Le XIXe siècle voit la description de plusieurs tableaux cliniques
où elle prend une place centrale, mais ce sont les travaux de
Freud qui, tout en restreignant le concept de névrose, va faire
de l’angoisse le cœur de la plupart des pathologies psychiatriques.
C’est dans le cadre des différentes théories qui ont abordé l’angoisse depuis cette époque qu’ont été conceptualisées les
diverses nosographies auxquelles les cliniciens ont dû s’adapter. Ainsi, la clinique de Henri Ey, qui a été la base de l’enseignement de la psychiatrie de la deuxième moitié du siècle dernier, s’est enrichie des apports psychanalytiques, en dépit d’une
réflexion théorique (l’organodynamisme) dérivée des travaux
du neurologue Hughlings Jackson. Et jusqu’à la neuvième classification de l’OMS, les diverses nosographies dérivaient de
celle de Freud, considérant l’angoisse comme l’un des symptômes communs des névroses : si elle restait flottante dans la
névrose d’angoisse, elle était déplacée sur un objet ou une situation dans la névrose phobique, sur le corps au travers de la
conversion dans la névrose hystérique, et sur des contenus psychiques dans la névrose obsessionnelle.
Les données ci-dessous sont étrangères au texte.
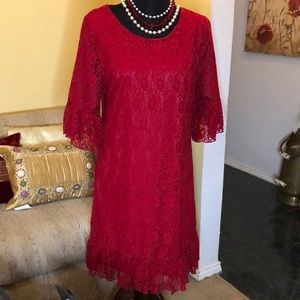 Sassy Bling Red Lace Lined Dress - Medium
En France, on utilise
d’ailleurs classiquement le terme d’angoisse pour ses manifestations somatiques, le terme d’anxiété restant attaché à son versant psychologique, même si nombre d’auteurs utilisent indifféremment l’un ou l’autre. Les travaux d’Isaac Marks sur les
phobies puis ceux de Donald Klein, isolant le trouble panique
de l’anxiété généralisée, ont conduit à un éclatement des
troubles liés à l’angoisse en diverses catégories descriptives
dont le but était initialement d’en mieux préciser l’abord thérapeutique spécifique. Cependant, la pratique clinique quotidienne témoigne chaque jour du caractère artificiel de cette
catégorisation et nous oblige à un questionnement sur la nécessité d’une nouvelle approche nosologique.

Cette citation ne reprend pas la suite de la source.